The latest shenanigans have to do with concerns about a potential data vulnerability that was identified by a voter late last week and was passed on to Kemp, who has been sued over his office’s failure to address similar election security issues. Instead of investigating the vulnerability, Kemp’s secretary of state’s office posted a press release Sunday morning claiming that it was investigating a failed attempt by Georgia Democrats to hack the system.

Kemp is also facing lawsuits challenging the state’s exact match law, which requires that the info on voter registration forms matches what’s in the state’s records; tens of thousands of voters’ registrations have been frozen over discrepancies as small as a misplaced hyphen. The challengers were successful on Friday in getting the judge to address a problem with how recently naturalized citizens were wrongfully getting caught up in the system due to its reliance on outdated records. The order makes it easier for those voters to show proof of citizenship so they can vote, and also makes clear that they should be made aware that they have the option to cast a provisional ballot at polling sites if they don’t have their proof of citizenship available to show election workers.

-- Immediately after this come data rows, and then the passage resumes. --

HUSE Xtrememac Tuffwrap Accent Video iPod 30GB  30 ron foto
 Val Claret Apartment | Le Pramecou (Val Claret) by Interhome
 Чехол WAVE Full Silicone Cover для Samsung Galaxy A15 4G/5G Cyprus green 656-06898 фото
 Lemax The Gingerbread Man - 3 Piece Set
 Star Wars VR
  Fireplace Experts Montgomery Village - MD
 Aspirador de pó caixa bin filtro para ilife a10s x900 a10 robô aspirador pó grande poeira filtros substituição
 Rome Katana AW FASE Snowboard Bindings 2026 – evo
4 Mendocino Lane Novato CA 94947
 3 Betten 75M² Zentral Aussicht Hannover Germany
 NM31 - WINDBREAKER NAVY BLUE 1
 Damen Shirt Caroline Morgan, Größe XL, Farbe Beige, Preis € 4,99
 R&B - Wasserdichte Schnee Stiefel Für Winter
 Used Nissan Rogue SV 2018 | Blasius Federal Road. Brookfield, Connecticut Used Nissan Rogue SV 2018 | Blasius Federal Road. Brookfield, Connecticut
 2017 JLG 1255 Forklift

Kemp additionally was sued over the state’s signature match system, which allows local officials to reject absentee ballot and ballot applications because they believe the signatures don’t match the ones they have on record for the voter. His attempt to get an appeals court to halt a lower court’s order against him in the case fell short Friday, with the appeals court panel denying the request 2-1.

Elsewhere, voting rights advocates have had less success in court, in large part due to how courts have interpreted a Supreme Court precedent known as the “Purcell Principle,” which discourages changes to voting practices close to an election, to the detriment of voters.

In North Dakota, Native Americans were unable to get a district court to examine burdens they’ve faced in trying to comply with a new voter ID law, which requires ID docs to have a residential address, despite the fact that many tribes don’t assign street addresses for their members. (Some Native Americans depend on PO Boxes or other non-residential addresses for mail and ID-purposes instead.) The district court had previously watered down the law for the midterms, but an appeals court halted that decision and the Supreme Court also allowed the full law with the residential address requirement to go into effect.

Voting rights advocates also lost in a lawsuit they brought in Kansas challenging the decision by election officials in Dodge City — where Hispanics make up 60 percent of its 27,000 residents — to move the the city’s single polling place a mile outside of town and not near any public transportation. Here too, the judge refused to order the opening of another polling place, citing the nearness of Tuesday’s election.